続いて「A3モノクロプリント」の注目機種を見ていこう。カラー出力は不要で、とにかくA3サイズの印刷ができればよい、という選び方だ。カラー対応製品とモノクロ対応製品の価格差は縮まりつつあるので、「大は小を兼ねる」という意味でカラー機を購入するという考え方もあるが、少しでもコストを下げたいならば、A3モノクロ機は現実的な解となる。
とはいえ、コストパフォーマンスをはじめ、何らかの突出した特徴がなければ、カラー非対応の製品を新規で購入するメリットは低下してしまう。それゆえ、ここでは経費扱いで処理できる実売10万円以下の製品に絞り、速度や給紙枚数など、目立った特徴を持つ製品を中心に紹介する。
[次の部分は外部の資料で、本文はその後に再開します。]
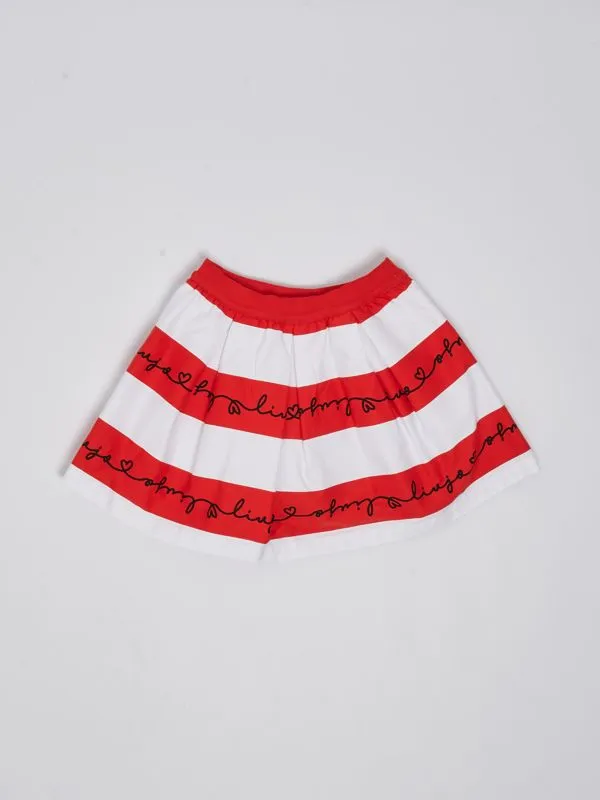 Gonna bambina Liu Jo in cotone stretch Bianco-Rosso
まず、印刷のスピードを優先するのであれば、キヤノンの「Satera LBP8730i」、エプソンの「LP-S3250」がおすすめだ。前者は40枚/分、後者は35枚/分の高速印刷が可能なので、多くの枚数をなるべく短時間で印刷したいニーズに向く。特に前者は両面でも同じスピードで印刷できるのが秀逸だ(後者は両面28枚/分)。オプションなしでの給紙容量は前者が350枚、後者が650枚と、こちらは後者がやや有利。TEC値は前者が2.1kWh、後者が1.9kWhと低めだ。
オプションなしでの給紙容量を第一に考えるのであれば、先に紹介したLP-S3250のほか、OKIデータの「COREFIDO B841dn」が690枚と優秀だ。オプションの追加によってこれ以上の枚数を同時に給紙できる製品はあるが、そのためには追加のコストが発生するため、標準状態での給紙容量を重視すると、これらの製品が有力候補になる。なおB841dnは、COREFIDOシリーズに共通の5年間無償保証、メンテナンス品の5年間無償提供というサービスも魅力だ。
実売価格の安さを優先するのであれば、キヤノンの「Satera LBP8710e」、エプソンの「LP-S3200」をチェックしておきたい。いずれも5万円前後で購入できる高いコストパフォーマンスが魅力だ。前者は印刷速度が30枚/分、ランニングコストは2.6円(大容量カートリッジ使用時)、TEC値1.7kWh。後者は印刷速度が32枚/分、ランニングコストは3.8円、TEC値2.0kWhと、十分なスペックだ。ただしこの両機種は、いずれも両面印刷には非対応である点に注意したい。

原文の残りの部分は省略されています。